The smell of chicken tenders welcomed Rowan students interested in discussing Sexuality and Categorization last Wednesday at the Owl’s Nest in the Chamberlain Student Center.
The “Dining for Diversity” event featured a presentation by modern European history, Assistant Professor Jody Russell Manning and Assistant Director for mentoring and inclusion programs Temple Jordan.
Using his background in holocaust & genocide studies, Manning focused his presentation on the categorization of sexuality in Nazism.
Manning explained that homosexuals were identified with an upside-down purple triangle in Nazi Germany during the Holocaust. He frequently referenced the book, “The Men With The Pink Triangle” written by Heinz Herger. The book discusses individuals’ experiences as homosexuals during the holocaust.
Manning expressed interest in choosing the topic for “Dining for Diversity” after attending a coming out session prior to coming up with the idea for his Dining for Diversity presentation. He decided to attend the session, and noticed that the session lacked the attendance of faculty. Being the only faculty member at the meeting motivated Manning to engage in helping students.
Jordan spoke after Manning, aiming to address categorization of sexuality in the modern world. She metaphorically used a vinyl record to illustrate modern day categorization in her Prezi presentation.
Jordan is Manning’s ‘Safe Zone’ instructor at Rowan. Safe Zone Training – a workshop for faculty to better provide safer spaces for LGBT students – aims to teach individuals how to become a competent ally to students. From his experiences with Jordan as his trainer, Manning thought that she would add clarity and an interesting perspective to the topic.
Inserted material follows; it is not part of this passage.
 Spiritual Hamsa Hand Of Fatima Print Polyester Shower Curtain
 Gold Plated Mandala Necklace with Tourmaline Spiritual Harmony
At first, Jordan didn’t know how she would present her point of view on the topic, but worked to create a presentation that would explain categorization of sexuality as much as possible in a short amount of time.
“We had a meeting and we talked about what [Manning] was thinking and what connections I could potentially bring,” Jordan said. “It’s a large topic.”
With her presentation, Jordan wanted to explore the topic as much as possible and give audience members as much understand of categorizing sexuality as possible. She wanted the audience to understand the variety of identities members of the LGBT community have from her presentation.
“That was my approach, to try and see where [Manning] customization lead to marginalization and look at how marginalized communities marginalized each other,” Jordan said.